My husband and I have three kids, two of which are almost 13 and 10 years old. For the past year or so, the topic of when to start leaving kids at home by themselves has come up a lot. In Iowa, there is no law that states a specific age you can or can’t leave a child home alone. It is completely up to the parents discretion. Can feel like muddy waters, a little to be honest.
For us, we took so much into consideration when deciding when or if to leave a child home alone.

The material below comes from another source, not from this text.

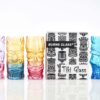 set of 4 multicolored Tiki glasses on white background next to packaging.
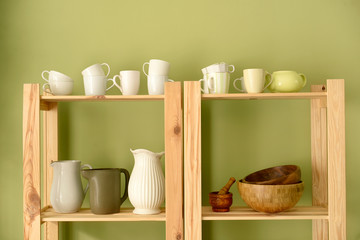 Set of clean dishes on wooden shelves near color wall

Child’s physical/emotional maturity level
I feel like parents have to trust their gut on this and are the experts on their own child. Parents JUST know their child’s abilities, strengths, and whether the’d feel comfortable leaving that particular child home alone. I know for us, differences in our children also helped us make decisions- we also had the gut feeling that one of our kids was not ready and would likely burn the house down. Kidding. Kind of. The other one, however, we probably could have left her alone at the wee age of 5 (PROMISE, WE DID NOT) and she would have made herself breakfast, done her laundry, cleaned the house and had dinner on the table ready for us when we got home.
Way to contact you
Does your child know their address, your phone number, another trusting adult’s phone number, and emergency numbers? We don’t have a landline and at the time of considering things, neither of our kids had their own phones. However, they both had Ipads that had messenger so could message us, if needed. But, a way to contact you and an emergency number is obviously an important factor to consider.
Knowledge about Safety
Does your child have a basic understanding of safety? For example- keeping doors locked, not answering the door while a parent is gone, not telling others they are home alone, etc. Knowing when to call a parent for help vs. when it’s an emergency and they should call 911, etc. are also important skills to make sure your child understands before leaving them home alone.
So, you’ve decided to take the big step of leaving your child home alone.. now what?

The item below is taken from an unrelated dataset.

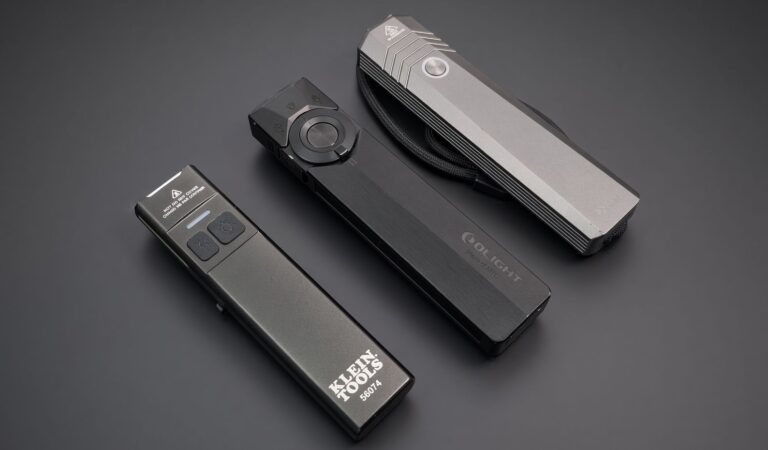 Klein 56074, Olight ArkPro Ultra, and Sofirn ST1 flat EDC flashlights side by side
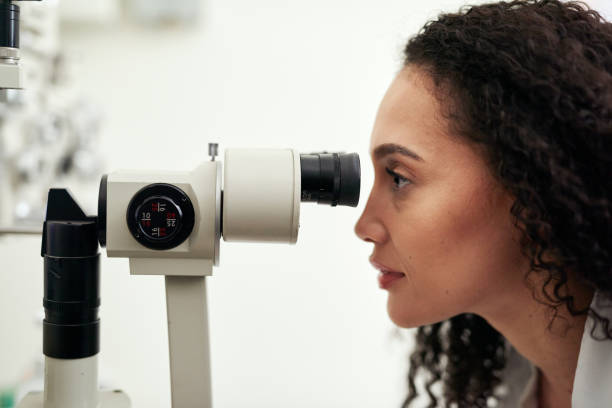 Optometry, eye exam and optometrist working at a clinic with an optical autorefractor machine. Eyesight, medical and professional woman optician doing a vision test for eye care in an optic store.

Take a short, quick trip out. Maybe it’s to pick up groceries from your grocery pick-up line. Or a quick errand. Starting out small and short can help ease into it.
Check in often
Even if you’re only leaving for 10 minutes, check in at first. That also serves as a practice of being available and having their device close.
As your kids get older, the time gone can be stretched a little longer. As you gradually increase the time, the trust and comfortability in it also increases.
Consider rules while you’re gone
We established a few rules and most likely they will change as our kids get older. But starting out, some of our rules included- not going outside, never answering the door, screen time rules, not telling others (friends, included) they were home alone, no cooking, and making sure they have their device close to them so that we could get a hold of them if needed.
BUT. …..MOSTLY- CHEER and wave goodbye as your leave!
WE MADE IT! We made it to the stage where we are even considering this new phase and it feels exciting! To have an older kid that can stay home alone lends itself to new possibilities- maybe more free time for you but also developing a little independence and responsibility in your child. This phase can feel a little scary and bittersweet but it definitely has its advantages.